Lecture Walkthrough

Challenges and Solutions

    • I am doing all/most of the talking. It can occasionally be difficult to keep the Lecture Walkthrough format from feeling like a second lecture commenting on the first. This can prevent students from being actively and directly involved in the learning process, nullifying one of the key virtues of discussion sections.

      • Be a guide, not a translator. Rather than directly explaining what is being said in a highlighted lecture moment, ask students to explain what is being said (to you and other students). This will not only help the Lecture Walkthrough format be more of a discussion as opposed to a second lecture, but it will also encourage students to rely on each other (rather than only you) as sources of learning.

      • Invite students to select their own moments to focus on. Encourage (or even require) students to identify moments in lecture that they had questions about or felt were important. This can be done ahead of section or during the walkthrough itself. Let students jump in when their selected moment comes up, and ask them to explain why they’ve selected that moment of the lecture: what question do they have about it or why do they think it’s important? Use this as the grounds for further discussion.

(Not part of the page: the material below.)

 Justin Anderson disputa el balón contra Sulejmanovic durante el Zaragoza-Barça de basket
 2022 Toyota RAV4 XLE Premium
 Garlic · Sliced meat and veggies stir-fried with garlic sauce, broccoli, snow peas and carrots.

    • Students are responding only/mostly to me, and not to one another. As you are guiding students through the lecture,this format can naturally put you at the center of any discussions that emerge from consideration of the lecture. This strategy can lead to many student-teacher-student or teacher-student-teacher interactions while constraining the number of student-student interactions.

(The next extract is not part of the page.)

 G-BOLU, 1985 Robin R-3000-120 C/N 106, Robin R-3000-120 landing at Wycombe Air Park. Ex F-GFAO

      • Combine Lecture Walkthrough with other strategies. Make the Lecture Walkthrough only part of the agenda in a given section. For example, you might dedicate only the first part of section to the walkthrough and then follow up by breaking into small group discussions. Different activities can shake up classroom social structure, functionally removing you from the immediate section interaction, and thus force students to rely on their peers more.

      • Explicitly incorporate students’ responses into your own responses. When students turn to you for information and feedback, explicitly rely on questions and answers put forth by other students: collect questions/answers on the board or in an online document, use students’ questions, answers, and particular phrasing to frame discussion topics, call out and connect related points made by distinct students, and so on. Even if you are, functionally speaking, at the center of the discussion, you can still make the discussion clearly student-driven. Also, whenever possible, try to give students explicit credit for their contributions.